When an SrS: Ce thin film is to be obtained as a light-emitting layer, the composition of the thin film becomes SrS when the vapor deposition is performed using a pellet obtained by adding Ce to SrS without compensation for the sulfur component.
If S / Sr <1, instead of / Sr = 1, a stoichiometric shortage of sulfur will occur. Thus, in the present invention, H ₂ S is introduced into the H ₂ S cracking cell for the base material to compensate for the sulfur component.

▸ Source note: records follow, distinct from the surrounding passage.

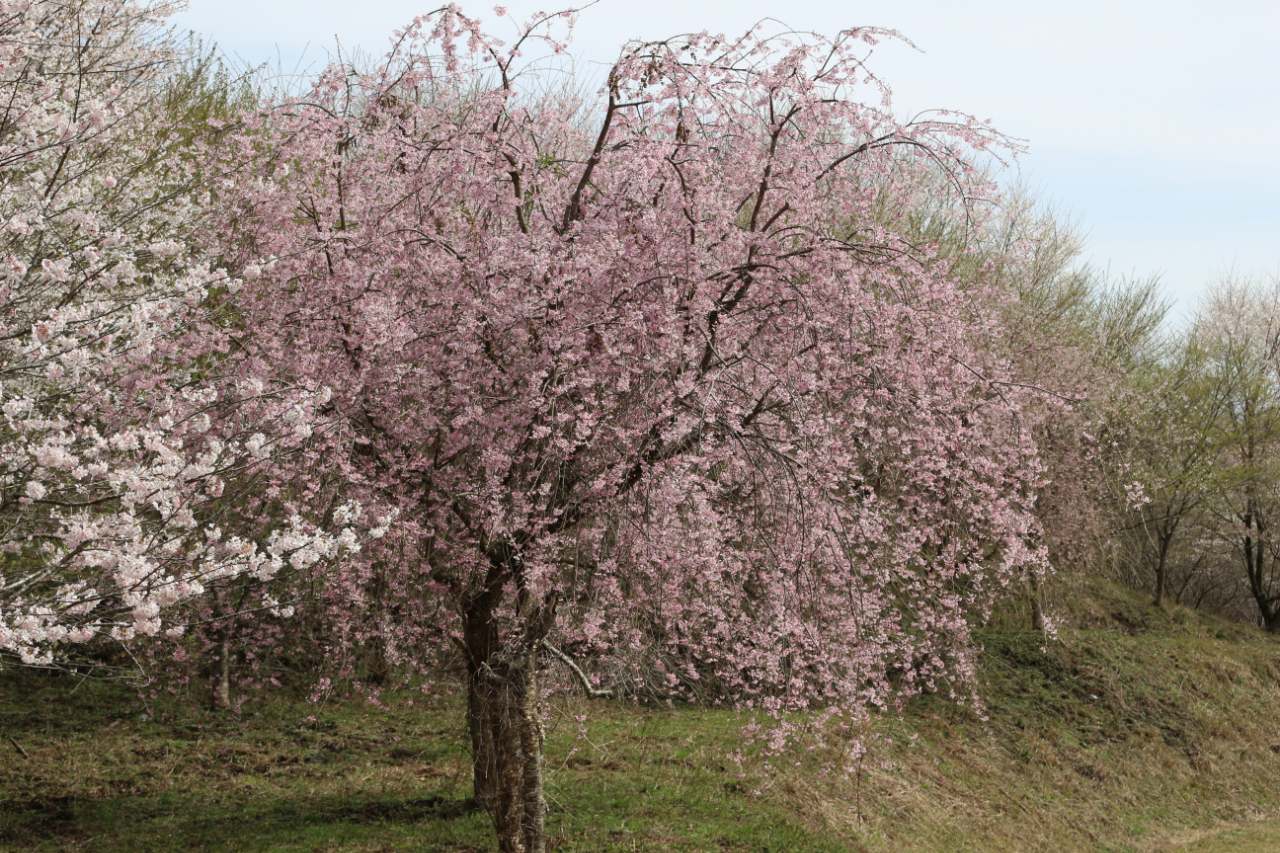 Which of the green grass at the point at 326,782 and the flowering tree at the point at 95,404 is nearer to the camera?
the flowering tree at the point at 95,404

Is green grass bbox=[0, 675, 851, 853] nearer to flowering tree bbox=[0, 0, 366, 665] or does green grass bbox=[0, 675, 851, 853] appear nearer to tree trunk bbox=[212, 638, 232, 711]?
tree trunk bbox=[212, 638, 232, 711]

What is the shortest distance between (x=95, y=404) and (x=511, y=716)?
3.43 metres

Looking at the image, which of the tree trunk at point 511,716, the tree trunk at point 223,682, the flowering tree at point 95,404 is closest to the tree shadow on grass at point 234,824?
the tree trunk at point 511,716

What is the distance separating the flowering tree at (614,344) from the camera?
19.7ft

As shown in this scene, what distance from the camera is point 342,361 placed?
22.0 ft

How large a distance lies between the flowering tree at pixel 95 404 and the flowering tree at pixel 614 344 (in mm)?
840

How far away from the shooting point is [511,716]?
698cm

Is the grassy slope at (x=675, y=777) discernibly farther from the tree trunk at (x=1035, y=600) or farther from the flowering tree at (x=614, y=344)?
the flowering tree at (x=614, y=344)

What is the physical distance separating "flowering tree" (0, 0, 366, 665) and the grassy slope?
7.13 feet

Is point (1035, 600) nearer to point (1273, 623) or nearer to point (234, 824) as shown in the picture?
point (1273, 623)

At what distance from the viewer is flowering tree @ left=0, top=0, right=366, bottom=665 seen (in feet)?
13.7

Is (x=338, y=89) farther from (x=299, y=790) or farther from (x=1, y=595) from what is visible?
(x=299, y=790)

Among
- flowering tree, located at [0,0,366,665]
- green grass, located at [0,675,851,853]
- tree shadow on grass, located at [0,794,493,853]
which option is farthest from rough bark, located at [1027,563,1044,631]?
flowering tree, located at [0,0,366,665]

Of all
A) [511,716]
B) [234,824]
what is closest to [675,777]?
[511,716] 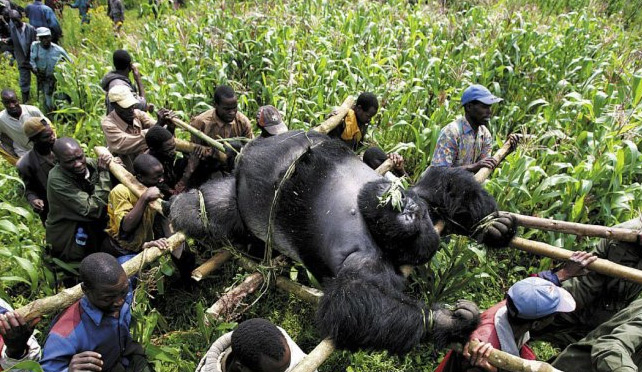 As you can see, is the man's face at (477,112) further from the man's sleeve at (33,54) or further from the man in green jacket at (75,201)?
the man's sleeve at (33,54)

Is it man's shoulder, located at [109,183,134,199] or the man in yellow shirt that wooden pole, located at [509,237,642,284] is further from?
man's shoulder, located at [109,183,134,199]

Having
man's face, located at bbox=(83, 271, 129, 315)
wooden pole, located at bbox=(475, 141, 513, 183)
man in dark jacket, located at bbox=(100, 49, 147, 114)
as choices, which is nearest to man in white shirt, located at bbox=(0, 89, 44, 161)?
man in dark jacket, located at bbox=(100, 49, 147, 114)

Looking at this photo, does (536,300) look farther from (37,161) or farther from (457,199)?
(37,161)

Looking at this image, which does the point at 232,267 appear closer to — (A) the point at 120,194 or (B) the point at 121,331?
(A) the point at 120,194

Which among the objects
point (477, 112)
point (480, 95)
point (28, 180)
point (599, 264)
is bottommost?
point (28, 180)

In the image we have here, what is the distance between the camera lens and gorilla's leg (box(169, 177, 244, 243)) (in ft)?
11.1

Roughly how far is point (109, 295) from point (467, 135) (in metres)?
3.31

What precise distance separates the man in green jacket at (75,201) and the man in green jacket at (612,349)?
366cm

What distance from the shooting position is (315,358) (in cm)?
234

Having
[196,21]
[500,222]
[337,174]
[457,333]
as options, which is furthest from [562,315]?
[196,21]

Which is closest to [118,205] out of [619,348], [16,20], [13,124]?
[13,124]

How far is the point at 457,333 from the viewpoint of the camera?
→ 8.37 feet

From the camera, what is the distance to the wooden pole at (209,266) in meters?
3.06

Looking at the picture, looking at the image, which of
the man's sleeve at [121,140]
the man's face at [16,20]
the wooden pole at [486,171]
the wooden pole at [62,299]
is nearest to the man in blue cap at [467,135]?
the wooden pole at [486,171] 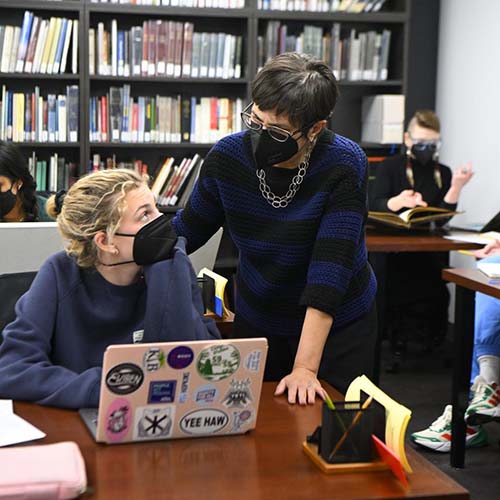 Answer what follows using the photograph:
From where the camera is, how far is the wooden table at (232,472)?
1.31 meters

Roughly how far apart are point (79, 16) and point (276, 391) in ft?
12.9

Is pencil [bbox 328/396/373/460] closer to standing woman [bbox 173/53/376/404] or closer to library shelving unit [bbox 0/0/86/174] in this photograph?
standing woman [bbox 173/53/376/404]

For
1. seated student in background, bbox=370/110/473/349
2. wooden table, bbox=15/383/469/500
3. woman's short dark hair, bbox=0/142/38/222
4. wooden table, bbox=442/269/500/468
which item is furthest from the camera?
seated student in background, bbox=370/110/473/349

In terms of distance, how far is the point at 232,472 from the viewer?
4.55 ft

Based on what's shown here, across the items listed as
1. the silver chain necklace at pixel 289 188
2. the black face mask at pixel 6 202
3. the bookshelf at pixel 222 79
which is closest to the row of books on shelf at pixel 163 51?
the bookshelf at pixel 222 79

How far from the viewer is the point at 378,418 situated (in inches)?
57.3

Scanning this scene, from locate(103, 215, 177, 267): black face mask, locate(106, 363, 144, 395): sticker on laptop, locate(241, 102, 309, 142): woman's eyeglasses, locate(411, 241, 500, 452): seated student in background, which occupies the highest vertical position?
locate(241, 102, 309, 142): woman's eyeglasses

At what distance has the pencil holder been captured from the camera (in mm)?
1415

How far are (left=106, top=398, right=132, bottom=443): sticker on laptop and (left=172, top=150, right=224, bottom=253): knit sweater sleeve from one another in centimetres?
80

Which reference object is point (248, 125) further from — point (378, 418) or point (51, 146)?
point (51, 146)

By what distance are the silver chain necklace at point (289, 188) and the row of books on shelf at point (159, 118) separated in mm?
3456

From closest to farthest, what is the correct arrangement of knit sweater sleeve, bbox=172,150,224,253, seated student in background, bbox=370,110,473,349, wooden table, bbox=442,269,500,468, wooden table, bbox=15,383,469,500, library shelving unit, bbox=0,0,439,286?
wooden table, bbox=15,383,469,500, knit sweater sleeve, bbox=172,150,224,253, wooden table, bbox=442,269,500,468, seated student in background, bbox=370,110,473,349, library shelving unit, bbox=0,0,439,286

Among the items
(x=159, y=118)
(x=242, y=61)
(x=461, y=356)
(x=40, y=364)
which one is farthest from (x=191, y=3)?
(x=40, y=364)

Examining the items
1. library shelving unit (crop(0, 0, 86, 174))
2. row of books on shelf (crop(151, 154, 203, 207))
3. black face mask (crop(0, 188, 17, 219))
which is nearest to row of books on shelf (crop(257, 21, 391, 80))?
row of books on shelf (crop(151, 154, 203, 207))
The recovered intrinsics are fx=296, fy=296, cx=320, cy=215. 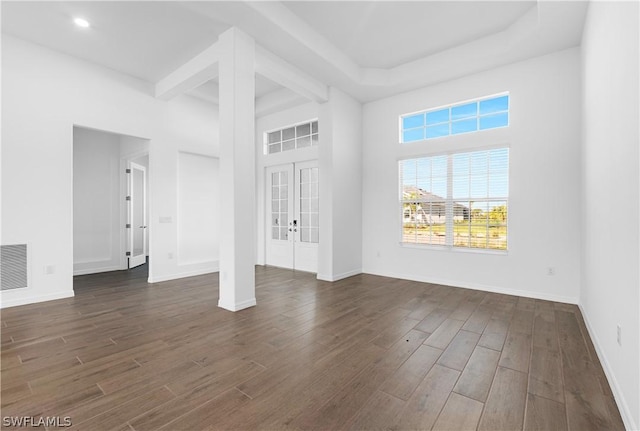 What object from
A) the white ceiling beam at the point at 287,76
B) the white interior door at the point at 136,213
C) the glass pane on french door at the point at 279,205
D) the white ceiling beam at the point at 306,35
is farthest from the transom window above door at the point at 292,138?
the white interior door at the point at 136,213

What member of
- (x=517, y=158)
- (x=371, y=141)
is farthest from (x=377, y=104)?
(x=517, y=158)

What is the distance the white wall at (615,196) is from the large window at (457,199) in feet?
4.74

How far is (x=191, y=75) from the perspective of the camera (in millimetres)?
4410

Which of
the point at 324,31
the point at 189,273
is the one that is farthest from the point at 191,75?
the point at 189,273

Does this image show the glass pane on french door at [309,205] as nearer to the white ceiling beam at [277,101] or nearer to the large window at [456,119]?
the white ceiling beam at [277,101]

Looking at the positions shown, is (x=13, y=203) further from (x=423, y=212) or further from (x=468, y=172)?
(x=468, y=172)

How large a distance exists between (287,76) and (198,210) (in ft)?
10.3

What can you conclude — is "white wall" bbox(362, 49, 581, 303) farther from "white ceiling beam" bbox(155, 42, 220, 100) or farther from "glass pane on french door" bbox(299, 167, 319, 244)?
"white ceiling beam" bbox(155, 42, 220, 100)

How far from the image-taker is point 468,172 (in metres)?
4.77

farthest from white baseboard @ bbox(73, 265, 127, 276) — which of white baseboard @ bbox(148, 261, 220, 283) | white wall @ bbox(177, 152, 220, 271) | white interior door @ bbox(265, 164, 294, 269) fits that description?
white interior door @ bbox(265, 164, 294, 269)

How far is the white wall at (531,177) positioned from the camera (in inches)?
154

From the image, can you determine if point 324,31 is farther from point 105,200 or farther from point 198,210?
point 105,200

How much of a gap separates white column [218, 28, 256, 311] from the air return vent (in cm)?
260

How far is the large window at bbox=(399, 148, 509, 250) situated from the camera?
4500mm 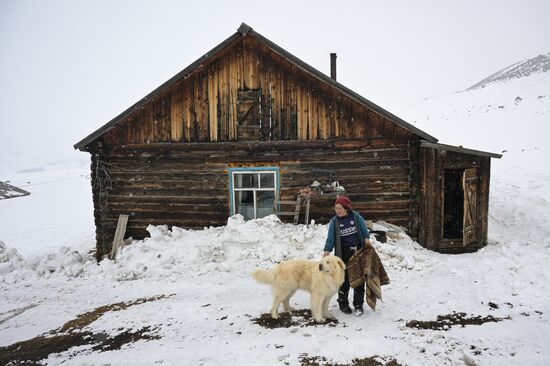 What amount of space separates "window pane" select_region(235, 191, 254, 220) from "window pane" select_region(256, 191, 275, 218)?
205 millimetres

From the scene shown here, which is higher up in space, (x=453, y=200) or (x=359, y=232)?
(x=359, y=232)

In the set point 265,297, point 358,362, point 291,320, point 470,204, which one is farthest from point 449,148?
point 358,362

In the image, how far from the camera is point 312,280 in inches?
197

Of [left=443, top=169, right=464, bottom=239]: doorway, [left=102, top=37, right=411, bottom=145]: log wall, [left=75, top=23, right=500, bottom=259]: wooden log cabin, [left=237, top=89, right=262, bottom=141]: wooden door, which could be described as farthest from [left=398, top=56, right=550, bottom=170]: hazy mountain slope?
[left=237, top=89, right=262, bottom=141]: wooden door

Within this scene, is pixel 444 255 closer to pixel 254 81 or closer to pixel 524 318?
pixel 524 318

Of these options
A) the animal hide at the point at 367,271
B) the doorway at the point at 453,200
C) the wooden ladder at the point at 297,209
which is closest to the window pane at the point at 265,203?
the wooden ladder at the point at 297,209

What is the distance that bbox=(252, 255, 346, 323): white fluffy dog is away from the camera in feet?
15.8

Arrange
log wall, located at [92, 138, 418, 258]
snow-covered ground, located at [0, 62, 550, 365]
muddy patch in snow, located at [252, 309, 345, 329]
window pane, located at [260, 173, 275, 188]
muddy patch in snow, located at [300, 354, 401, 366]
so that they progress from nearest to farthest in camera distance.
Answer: muddy patch in snow, located at [300, 354, 401, 366] < snow-covered ground, located at [0, 62, 550, 365] < muddy patch in snow, located at [252, 309, 345, 329] < log wall, located at [92, 138, 418, 258] < window pane, located at [260, 173, 275, 188]

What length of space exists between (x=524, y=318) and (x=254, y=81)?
8408 mm

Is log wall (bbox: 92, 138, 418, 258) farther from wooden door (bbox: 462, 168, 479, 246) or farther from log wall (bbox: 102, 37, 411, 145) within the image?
wooden door (bbox: 462, 168, 479, 246)

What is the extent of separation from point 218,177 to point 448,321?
7306 mm

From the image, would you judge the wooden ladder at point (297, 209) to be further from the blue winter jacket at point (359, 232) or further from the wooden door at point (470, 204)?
the wooden door at point (470, 204)

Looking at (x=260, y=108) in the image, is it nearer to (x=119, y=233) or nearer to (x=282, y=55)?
(x=282, y=55)

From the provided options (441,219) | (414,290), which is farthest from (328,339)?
(441,219) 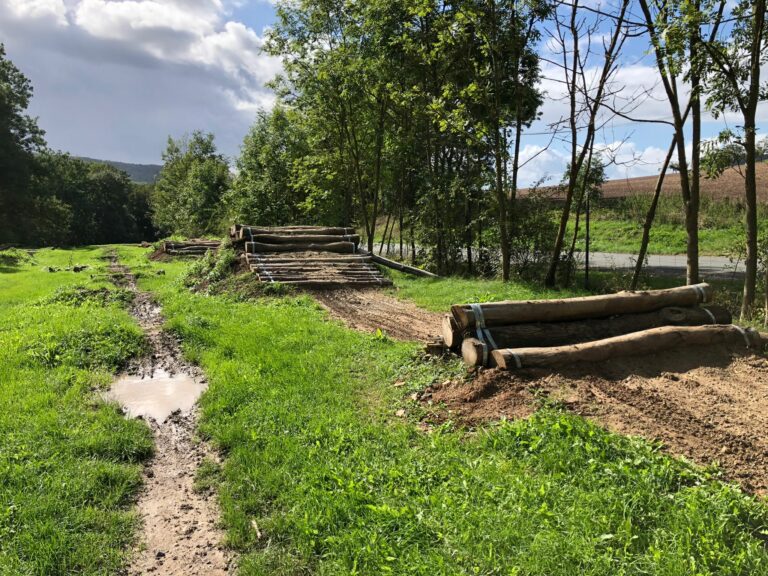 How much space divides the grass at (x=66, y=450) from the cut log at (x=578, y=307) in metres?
3.60

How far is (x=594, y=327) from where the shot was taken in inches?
232

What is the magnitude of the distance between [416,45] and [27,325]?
11518 mm

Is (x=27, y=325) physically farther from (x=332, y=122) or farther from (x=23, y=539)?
(x=332, y=122)

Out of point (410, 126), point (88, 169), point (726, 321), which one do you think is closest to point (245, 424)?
point (726, 321)

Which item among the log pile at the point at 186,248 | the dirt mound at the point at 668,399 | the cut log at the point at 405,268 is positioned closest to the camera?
the dirt mound at the point at 668,399

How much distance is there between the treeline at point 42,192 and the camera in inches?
1465

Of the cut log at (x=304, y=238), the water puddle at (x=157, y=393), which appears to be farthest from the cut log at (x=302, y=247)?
the water puddle at (x=157, y=393)

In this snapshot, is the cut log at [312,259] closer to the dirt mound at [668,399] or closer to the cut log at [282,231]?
the cut log at [282,231]

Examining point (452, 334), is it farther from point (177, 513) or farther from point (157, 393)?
point (157, 393)

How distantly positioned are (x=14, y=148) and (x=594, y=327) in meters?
44.1

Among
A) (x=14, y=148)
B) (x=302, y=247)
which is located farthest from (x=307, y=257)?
(x=14, y=148)

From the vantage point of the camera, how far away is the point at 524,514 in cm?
315

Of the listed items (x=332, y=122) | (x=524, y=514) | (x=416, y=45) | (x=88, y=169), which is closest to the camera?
(x=524, y=514)

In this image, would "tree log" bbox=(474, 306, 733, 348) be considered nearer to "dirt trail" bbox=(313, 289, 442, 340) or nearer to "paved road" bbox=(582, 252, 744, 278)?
"dirt trail" bbox=(313, 289, 442, 340) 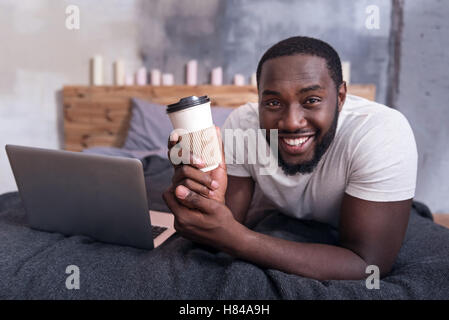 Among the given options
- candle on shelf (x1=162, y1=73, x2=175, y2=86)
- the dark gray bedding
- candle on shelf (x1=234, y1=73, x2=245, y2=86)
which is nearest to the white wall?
candle on shelf (x1=162, y1=73, x2=175, y2=86)

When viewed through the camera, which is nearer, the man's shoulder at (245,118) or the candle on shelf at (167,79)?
the man's shoulder at (245,118)

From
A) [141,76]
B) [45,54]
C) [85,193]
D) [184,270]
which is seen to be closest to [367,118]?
[184,270]

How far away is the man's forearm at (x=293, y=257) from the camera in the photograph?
809mm

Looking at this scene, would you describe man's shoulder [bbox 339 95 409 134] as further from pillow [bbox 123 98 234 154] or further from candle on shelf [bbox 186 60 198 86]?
candle on shelf [bbox 186 60 198 86]

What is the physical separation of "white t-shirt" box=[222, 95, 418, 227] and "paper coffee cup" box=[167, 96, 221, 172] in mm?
384

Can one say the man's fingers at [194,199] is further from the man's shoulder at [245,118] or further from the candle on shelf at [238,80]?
the candle on shelf at [238,80]

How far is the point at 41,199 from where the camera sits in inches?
36.0

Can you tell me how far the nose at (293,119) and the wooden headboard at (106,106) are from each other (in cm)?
150

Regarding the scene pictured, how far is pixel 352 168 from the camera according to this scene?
0.94 meters

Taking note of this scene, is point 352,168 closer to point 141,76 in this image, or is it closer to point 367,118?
point 367,118

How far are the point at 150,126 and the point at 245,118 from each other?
1.17 metres

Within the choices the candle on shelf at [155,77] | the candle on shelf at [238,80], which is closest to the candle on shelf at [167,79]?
the candle on shelf at [155,77]

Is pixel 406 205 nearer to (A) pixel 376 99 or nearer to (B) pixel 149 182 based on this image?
(B) pixel 149 182

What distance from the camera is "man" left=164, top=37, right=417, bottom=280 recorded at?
2.68ft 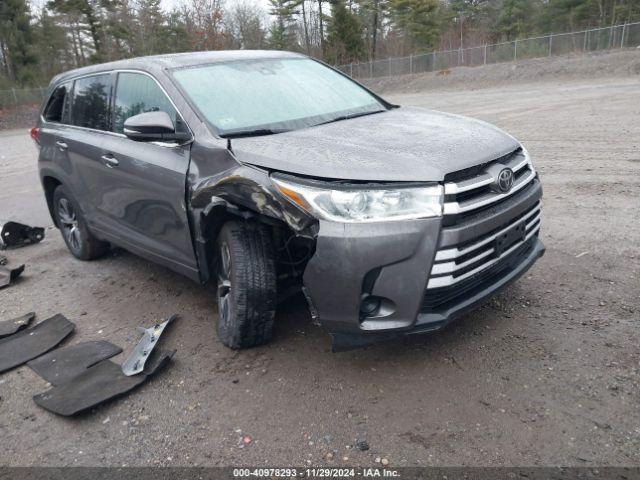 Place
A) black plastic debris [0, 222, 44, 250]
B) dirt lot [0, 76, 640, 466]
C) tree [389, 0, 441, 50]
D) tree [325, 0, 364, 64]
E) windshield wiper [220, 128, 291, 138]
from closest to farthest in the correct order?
dirt lot [0, 76, 640, 466] < windshield wiper [220, 128, 291, 138] < black plastic debris [0, 222, 44, 250] < tree [325, 0, 364, 64] < tree [389, 0, 441, 50]

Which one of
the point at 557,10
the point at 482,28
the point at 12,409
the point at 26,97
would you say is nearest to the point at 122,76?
the point at 12,409

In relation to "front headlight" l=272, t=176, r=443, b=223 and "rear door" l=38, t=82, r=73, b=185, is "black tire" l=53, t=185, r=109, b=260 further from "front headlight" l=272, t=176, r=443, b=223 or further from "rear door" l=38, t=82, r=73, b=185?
"front headlight" l=272, t=176, r=443, b=223

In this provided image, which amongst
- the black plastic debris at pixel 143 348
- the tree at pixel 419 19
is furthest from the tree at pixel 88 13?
the black plastic debris at pixel 143 348

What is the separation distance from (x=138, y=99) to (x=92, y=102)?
3.10 feet

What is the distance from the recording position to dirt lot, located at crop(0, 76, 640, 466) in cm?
253

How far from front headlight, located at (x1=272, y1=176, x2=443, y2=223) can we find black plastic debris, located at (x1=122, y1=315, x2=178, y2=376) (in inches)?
60.8

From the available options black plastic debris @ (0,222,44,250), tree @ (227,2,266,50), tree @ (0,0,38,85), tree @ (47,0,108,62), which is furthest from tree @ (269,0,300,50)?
black plastic debris @ (0,222,44,250)

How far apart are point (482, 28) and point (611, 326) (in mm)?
52797

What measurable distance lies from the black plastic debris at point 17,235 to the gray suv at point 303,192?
205 centimetres

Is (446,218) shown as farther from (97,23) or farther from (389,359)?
(97,23)

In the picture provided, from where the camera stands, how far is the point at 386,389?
2.95 meters

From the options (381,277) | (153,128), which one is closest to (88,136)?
(153,128)

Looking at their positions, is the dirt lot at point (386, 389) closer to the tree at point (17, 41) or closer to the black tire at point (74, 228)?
the black tire at point (74, 228)

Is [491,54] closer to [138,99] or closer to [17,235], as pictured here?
[17,235]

[0032] In the present invention, H ₂ S, which is introduced into H ₂ S cracking cell is sulfur compensation source SrS film. That is, the hydrogen component in H ₂ S is removed from the H ₂ S cracking cell to the substrate surface, and the high-concentration sulfur component, that is,
S, S2, S3, S radicals and S ions are supplied as sulfur sources. When H ₂ S is supplied as it is, when the temperature of the substrate is high, a reducing gas such as H ₂ is generated, and the underlying substrate, the underlying electrode, the sulfide thin film itself, etc. forming the thin film are reduced or hydrogenated, receive damage. In the present invention, since a reducing hydrogen component can be minimized and a sulfur source can be supplied, a high-quality SrS thin film is formed on the substrate surface.
At this time, only sulfur component from the H ₂ S cracking cell,
Although it flies and diffuses and re-evaporates on the substrate surface, it supplies a sulfur component to SrS during surface diffusion or while flying. Therefore, a SrS thin film free from sulfur deficiency can be obtained.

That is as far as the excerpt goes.